This, coming into a love story for the hard part, isn’t terribly common. It’s unsettling, of course, to be reminded that some version of this — of at least some of this — lies in store for a lot of people, whether they’re the one who needs care or the one who gives care or both.
But while this is a story about suffering, it’s also a story about almost boundless grace. These are people, both of them, who try valiantly — valiantly — to balance their own needs with each other’s needs. Every move they make is dictated by their understanding that this is not his fate or her fate; it is their joint fate, both because that is what they promised and because they are grown together like vines and there is no way to untangle now.
The movies I find depressing are the ones about suffering that isn’t needed. They’re about the infliction of pain unnecessarily. They’re about human weakness and unkindness and the limitations on the compassion of which people are capable. They are about, at least in part, the absence of grace. The Hunger Games? That’s depressing. Or The Master, with its acknowledgement that vulnerable people will always be pulled along paths that cause them grief. The Queen Of Versailles, a documentary about obscene wealth and emotionless climbing, is depressing. Compliance, The House I Live In, even Looper — those are depressing. (And all of them, by the way, are in their own ways wonderful and well worth seeing.)

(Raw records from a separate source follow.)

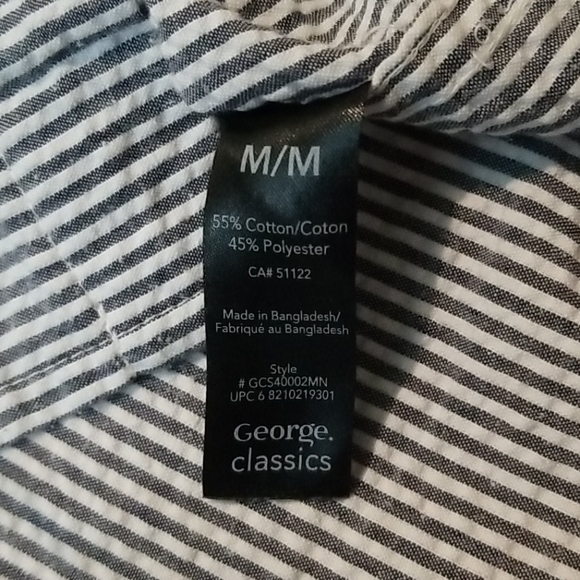 George classics mens white and gray short sleeve button up Medium - Picture 7 of 10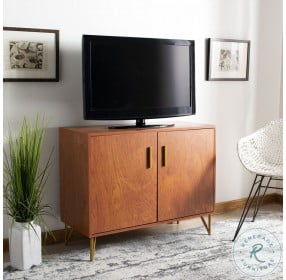 Pine Natural And Gold 2 Door Modular Tv Stand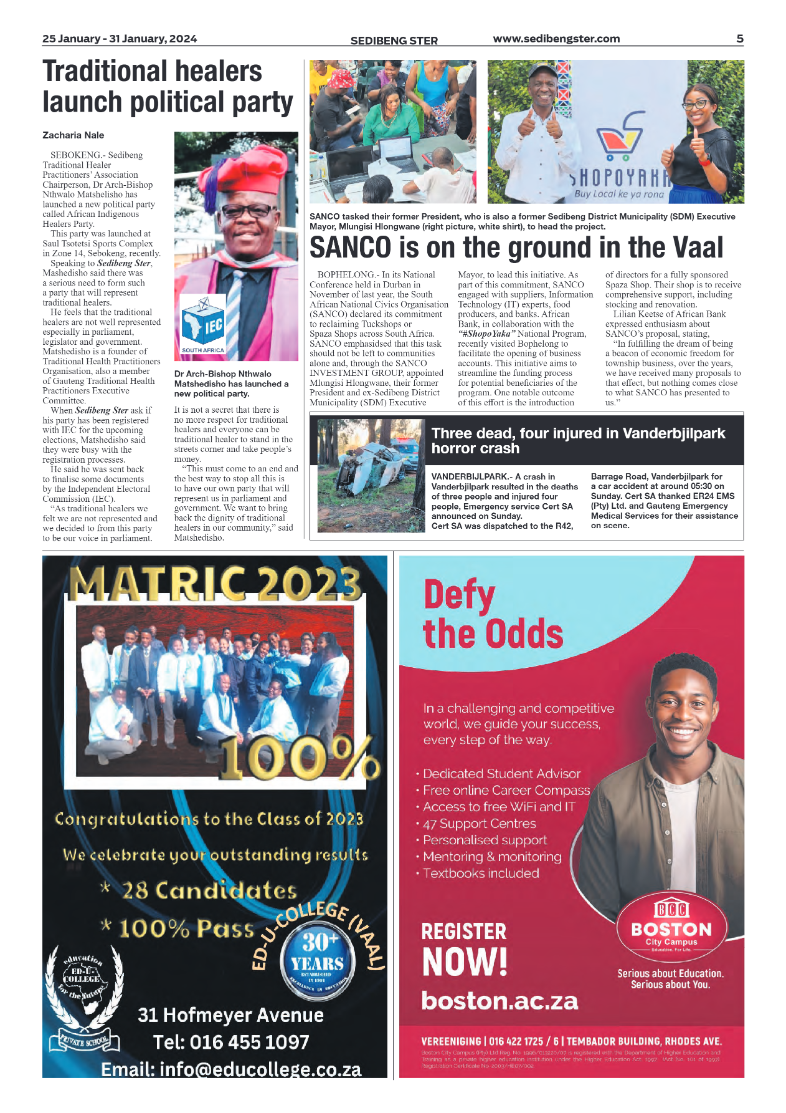 Sedibeng ster 25 January – 31 January, 2024 page 5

Amour is just sad — perhaps the saddest movie of the year, but sad is all it is. It’s about the less-frequently-filmed side of the fundamental bargain that most people cannot avoid: The closer you get to other people, the more limitless your love for them, the more you potentially are going to experience agony, and sometimes it will in fact be this bad. If you narrow your focus on Georges and Anne to the events of the film, it really does make their story seem miserable. But if you accept the film’s suggestion that they have lived happily together, raising a daughter and playing the piano and drinking tea at the table, it’s a beautiful story anyway. The ending is indeed almost unbearably sad, but the whole story as it’s reflected in everything that happens here? Not really.
And ultimately, what I walked out with was enormous respect — almost reverence — for the fact that this can happen, it can end this way, or in a thousand other ways that are also agonizingly difficult — and we do it anyway. People get married, have kids, make dear friends, get close, and know that at the end, the best-case scenario if it works out exactly the way you hope it will is that somebody dies at the end. Preferably not like this, preferably without so much pain and waiting, but somehow. And we do it anyway. In fact, if Georges and Anne could do it over, they’d do it exactly the same way.
This is a story about the things we have to put out of our minds when we decide to fall in love, or we’d never do it. It’s a story about nature at its cruelest, but people at their most selfless. Sad? Yes. Bleak? No.